During a short overture, accompanying a clever mime-dance-acrobatic sequence for frog owner Smiley (tenor Wendell Creasy), director Debbie Niezgoda manages not only to introduce the frog but also to frame the action and set the exuberant mood. Later, at appropriate moments, a taped soundtrack envelops the hall with authoritative "ribbets" -- selected, as artistic director John Niles later explained, from more than two hours of canned frog sounds.

That respect for young imaginations paid off. Opera Theatre, a local specialist in children's opera, knows the danger of reiterating a point or heaping on the saccharine. That risk is built into Foss's transparently moralistic score, penned in 1950. The frog embodies the triumph of human and animal natures, paired in common purpose against greed and profiteering.

Saturday, humor triumphed over sentimentality. Performers made their characters accessible without lapsing into caricature. Although his significance as the First Miner was small, the talented tenor Douglas Walter provided many of the afternoon's vocal high points. Niles took a brisk, unfussy approach to the score's folksily romantic tunes.

The sets were simple but ingenious. Uncle Henry's is a small wood platform -- floating like a raft in the middle of the stage, or perhaps, like a lost soul floating in the morass of Gold Rush California's prospecting, gambling and violence. For the second scene, the stage splits into two pieces that are then placed at a right angle, suggesting a town square and community ideals.

The cavernous Thomas Jefferson Community Center does not fulfill the company's ideal. For children's opera, a more intimate space is needed, not just for ambiance but to ensure that words can be heard. But if crowds continue to sell out as they did Saturday, a smaller space will be difficult to negotiate.

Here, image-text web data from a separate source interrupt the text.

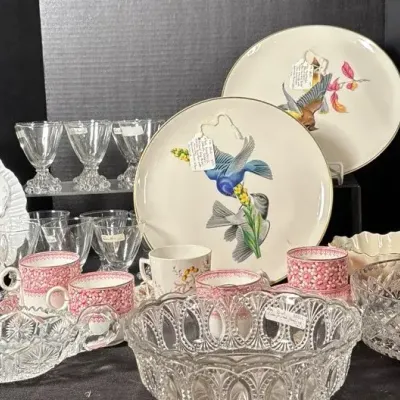 Stunning Bird Plates, Pink & Floral Tea Cups And Cut Glass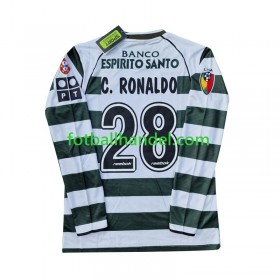 Herre Fotballdrakter Sporting Lisbon Cristiano Ronaldo 28 2001-2003 Hjemme Retro Langermet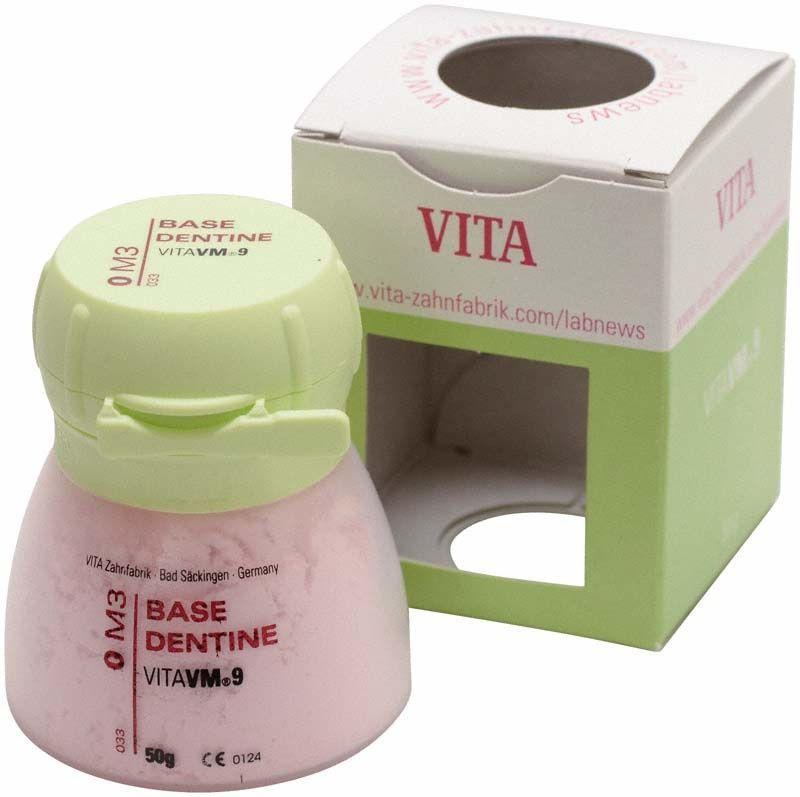 Dose mit VM9 3D Base Dentin 50g 0M3 vor Verpackung.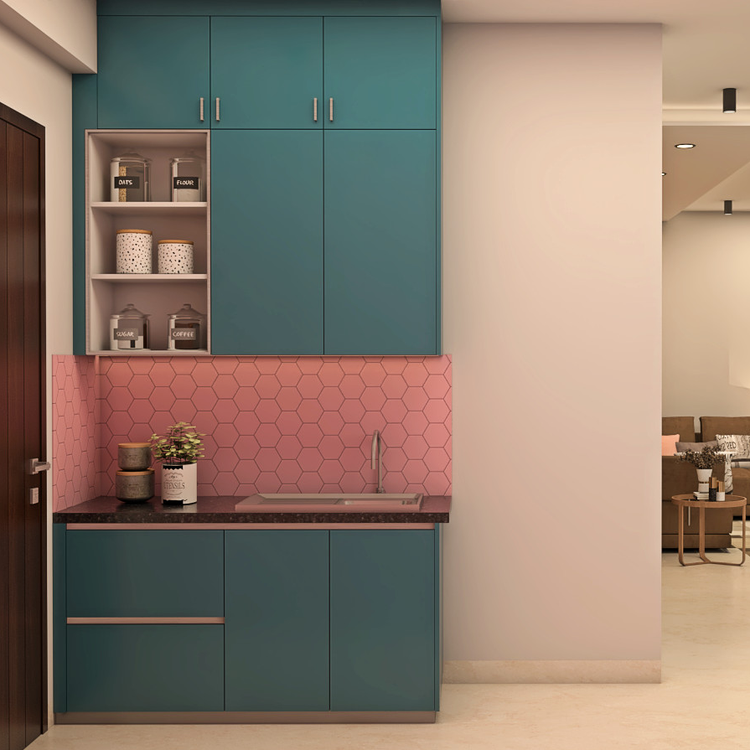 Spacious Modular Kitchen Design With Vibrant Interiors | Livspace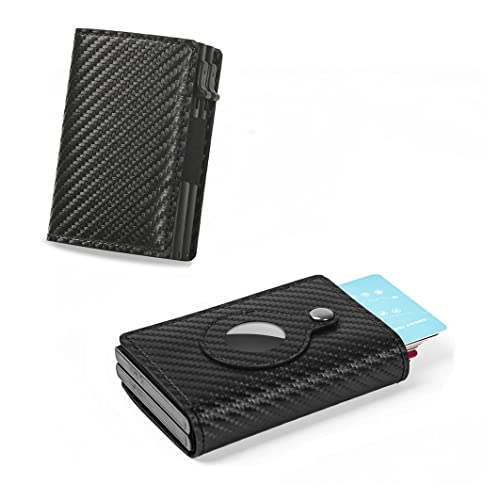 Fermido Air Tag Wallet with Double Card Case, Twin Carbon Fiber Card Holder, Automatic Bifold Front Pocket Pop Up Wallet with Money Clip - Image 1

By shaping the next generation of opera buffs, good children's opera is a preventive remedy for grown-up opera's aging subscribership. Evidently Opera Theatre is looking for a cure. Saturday, the production engaged kids not just in "Jumping Frog's" vivid story line, but in the very process that created it. After the performance,Niles fielded inquiries about the nuts and bolts of an art form heretofore unfamiliar to many present. Judging from the number of little hands in the air, the question-and-answer session threatened to outlast the 35-minute performance preceding it.